The 4.3 percent rally in European carmakers on Thursday, fueled by discussions on lowering tariffs with the U.S., suggests markets had already been primed for adverse news on global trade. Yet Chinese shares remained under pressure as officials wouldn’t say whether talks that could deliver a last-minute reprieve were ongoing.

“We can no longer talk about whether a trade war will develop, only the scale of the conflict,” Steve Barrow and Jeremy Stevens at Standard Bank wrote in a note this week. “A promising global economic and financial market picture has been thrown into turmoil.”

This new era of protectionism could hardly have come at a more sensitive time for markets. While the backdrop for growth is indeed strong -- particularly in the U.S. -- financial assets were already girding for so-called quantitative tightening as the world’s major central banks step back from stimulus.

That’s siphoning liquidity from the system, and volatility is on the way back as a result. The Cboe’s Volatility Index, known as the VIX, has averaged 16.3 this year, compared with 11.1 in 2017. After recovering from a spike in February’s market blow-up, currency swings have risen for six of the past seven weeks, according to JPMorgan Chase & Co. indexes.

“Investors should expect volatility to continue,” says Mark Haefele, chief investment officer at UBS Global Wealth Management. “We recommend investors stay invested, but consider five actions: looking to alternatives, hedging equity exposure, improving credit quality, diversifying sector and country risks, and taking a longer-term view.”
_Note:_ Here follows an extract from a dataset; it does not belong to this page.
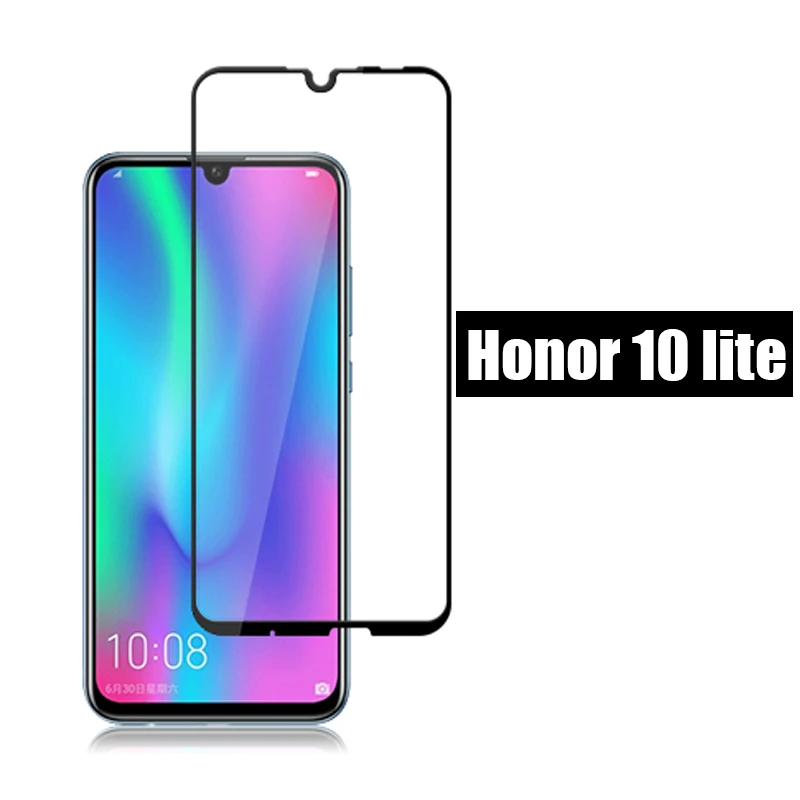 Закаленное стекло с полным покрытием для Huawei honor 10 lite защита экрана чехол huawei light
The worst-case scenario is that the trade war, in concert with monetary tightening, upends the global business cycle. German Chancellor Angela Merkel raised the specter of the global financial crisis as she warned of potential fallout on Wednesday. Shares of European carmakers had fallen more than 11 percent since mid-June through yesterday.

Not everyone is buying the bearish case, particularly when taken from the U.S. point of view.
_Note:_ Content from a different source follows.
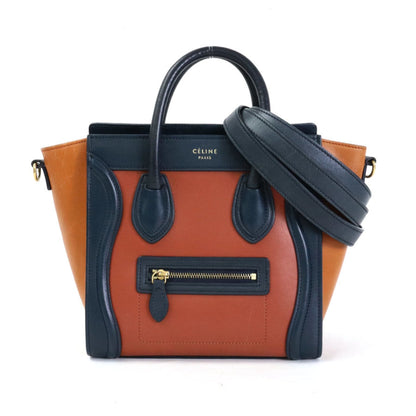 Celine handbag shoulder bag luggage nano leather navy/brown/orange gold ladies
“So far the trade war dynamic has made significant headlines,” said James McAlevey, head of rates at Aviva Investors. “Fifty billion dollars writes headlines but it doesn’t move the needle on U.S. growth. If it doesn’t escalate, we don’t think it has material knock-on implications for the U.S. economy.”

Ticking Clock
U.S. stocks are outperforming amid a global slide, the dollar is near the highest in a year and Treasuries are well supported even as rates rise. Contrast that with Chinese assets -- Shanghai’s benchmark share gauge tumbled into a bear market last week, while the country’s central bank has verbally intervened to slow the yuan’s descent. Only Chinese bonds are on the up, catching a bid as domestic investors flee riskier assets.